Maybe the worst thing of all, he thought, as his wife yawned behind him, was that he had robbed her of something. He wasn’t sure how to define it, and was damned sure he couldn’t put it into words yet. But for all her tenacity in defying him, for all her resolve in banning him from their room or pouncing upon the slightest pretext to argue with him, he could tell he had deeply wounded her. He could see it in her face, hear it in her voice. Her willingness to put all the blame on him annoyed him still, and her unspoken determination that he should pay unceasingly, abjectly, for his wrongs frustrated and angered him. Nevertheless, it was easy to see that she was not the same Sherry. Some essential part of her was missing, and he had taken it.
“Sugar or sweetener?” he asked.
“Brandy,” she replied. “It’s above the stove in the cabinet.”
He stirred the coffee silently. Brandy, in the morning? His wife, never more than a social drinker, was turning into a fish. He’d been noticing her frequent nips from one or more bottles lately, but this was something else. And there was the Valium she’d been popping. He reckoned it had all started about two months before — which meant, about the time she found out about Melanie. One more thing for him to feel guilty about. He would have said nothing about it if, when he returned to the table, she hadn’t been lighting a cigarette as well.
“You’ve, uh, been hitting those rather hard lately, haven’t you?” he remarked, grim-faced.
“No,” she said.

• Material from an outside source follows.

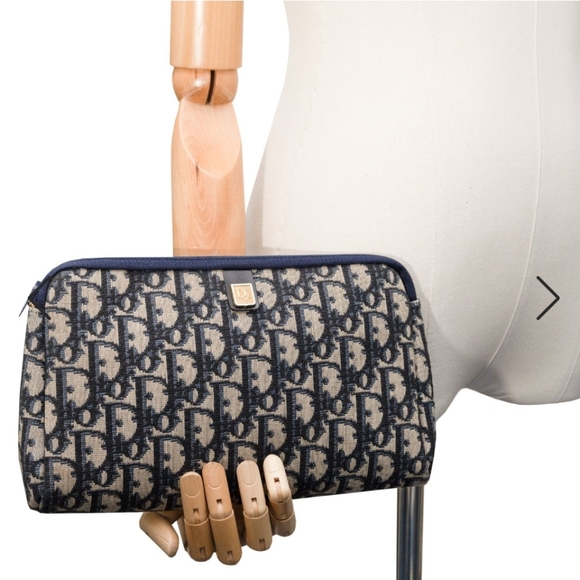 AUTHENTIC Vintage Dior Trotter Clutch - Picture 9 of 12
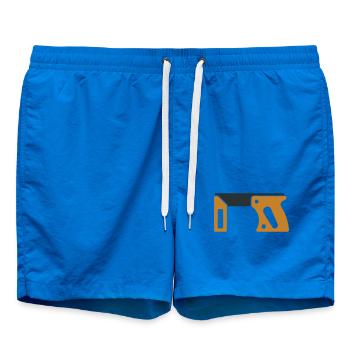 Anschlagwinkel Werkzeug Grafik - Badeshorts - Cobalt blue - Vorne - AI Model Male 185 light (185cm)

Then she laughed, joylessly. “Got nothing else hard to hit.”
“Well, between those and the booze –”
“Oh, shut up, Neal.”
A period of silence passed between them while Neal regrouped. He did not want to start the day with another argument.
“Stopped snowing,” he said.
“Good. I guess.”
“It’s about four inches, I reckon. Back home it would be nothing. But here, we’re practically snowed in.”
She nodded.
“I guess I should do something with the food in the fridge,” she wondered aloud. “Maybe put it outside, in the snow.”
“Good idea.”
“What about the eggs, do you think?”
He sipped his coffee thoughtfully. “They should be fine for a little while. But if you put ’em outside they’ll freeze.”
She sighed. “I guess I should cook them up then.”
She started to stand. .
“No, no, no!” said Neal, rising and holding out his hand. “You sit there, get warm. I’ll put them on in a little bit, for us.”
“The kids might want some.”
“Oh . . . let the kids sleep. They’re probably worn out from . . . playing in the snow or something. Try to get them up now, as cold as it is, and we’ll have a fight on our hands.”
“All right, all right,” she said, settling back in her chair. She wore a different smile now, and he knew her well enough to know it wasn’t a generous smile — not a well-wishing smile. It was more of a wiseguy grin — an “I know what you’re up to but it won’t work” kind of expression.
Neal was so steeped in his newfound remorse that he did not begrudge her the look, nor the sentiment that inspired it. She was skeptical of him, and why shouldn’t she be? She didn’t trust his kindness — what reason did she have to trust it? Or to trust him? Wasn’t he the same pig who’d been lusting after their daughter not twelve hours before?